Repeat the entries below exactly as they appear, with no pictures.

::: Data shown :::

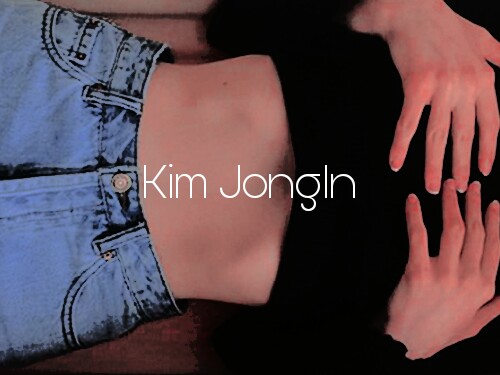 Fanfic / Fanfiction Kim Jongin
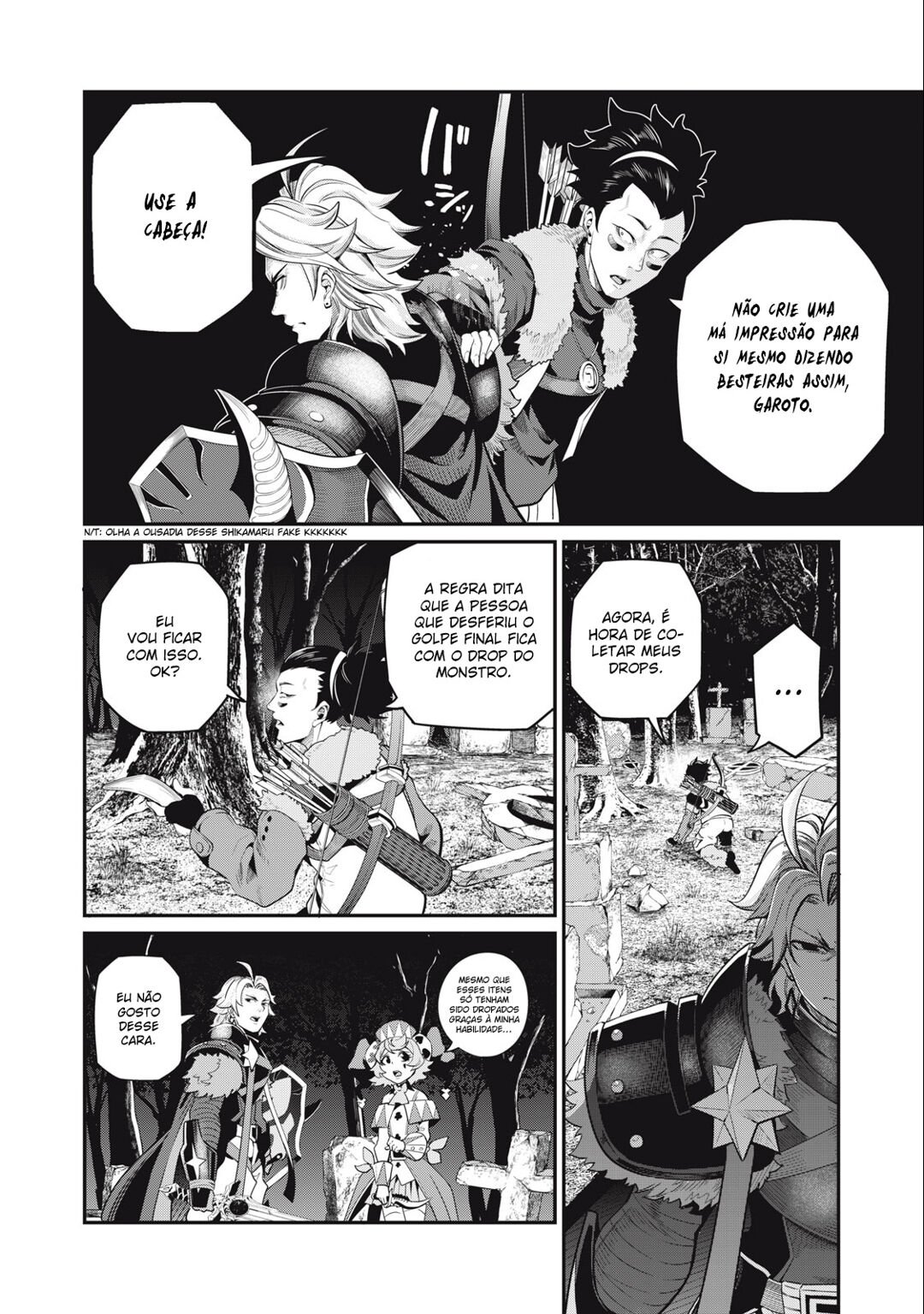 Read Tsuihou sareta Tensei Juukishi wa Game Chishiki de Musou suru PT Manga Online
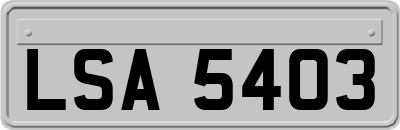 LSA5403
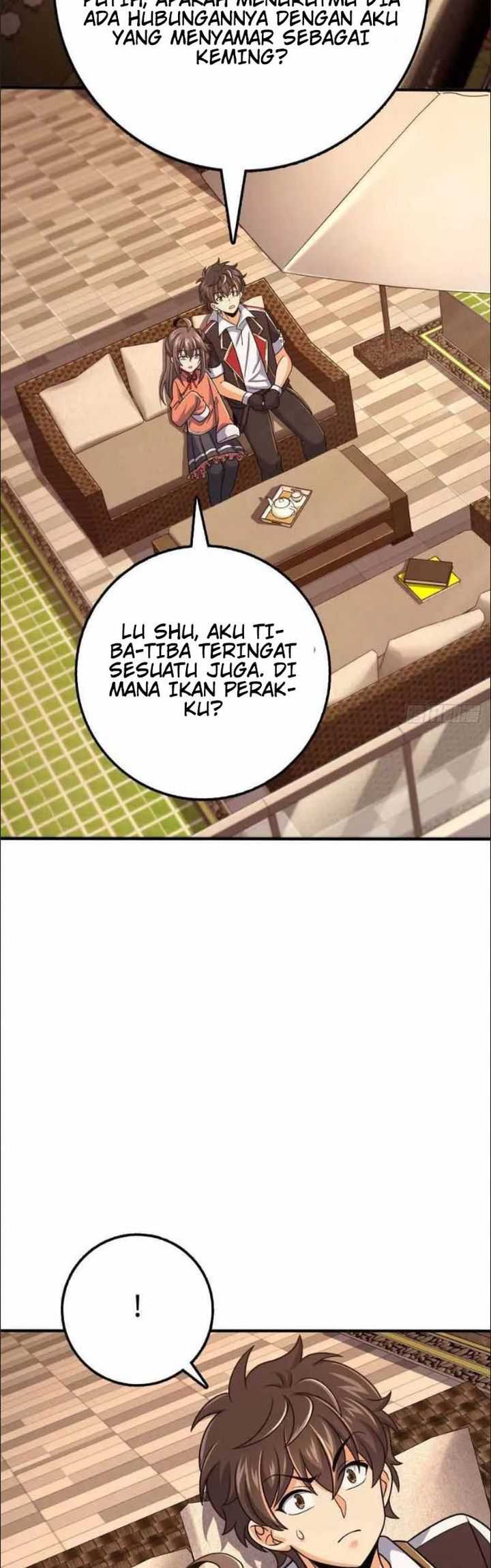 Spare Me, Great Lord! Bab 313 halaman 24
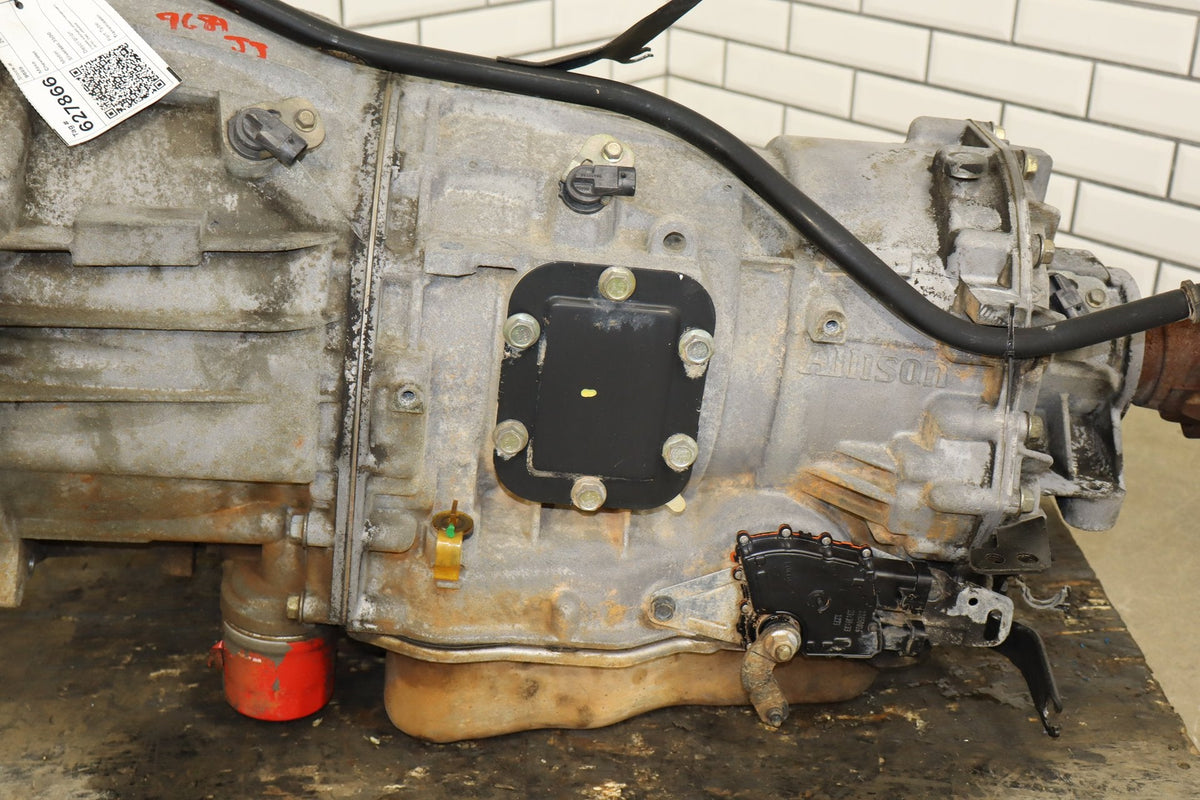 01-07 Chevy GMC Allison 1000 2WD Automatic Transmission Assembly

:::

Answer to this problem:
 Fanfic / Fanfiction Kim Jongin
 Read Tsuihou sareta Tensei Juukishi wa Game Chishiki de Musou suru PT Manga Online
 LSA5403
 Spare Me, Great Lord! Bab 313 halaman 24
 01-07 Chevy GMC Allison 1000 2WD Automatic Transmission Assembly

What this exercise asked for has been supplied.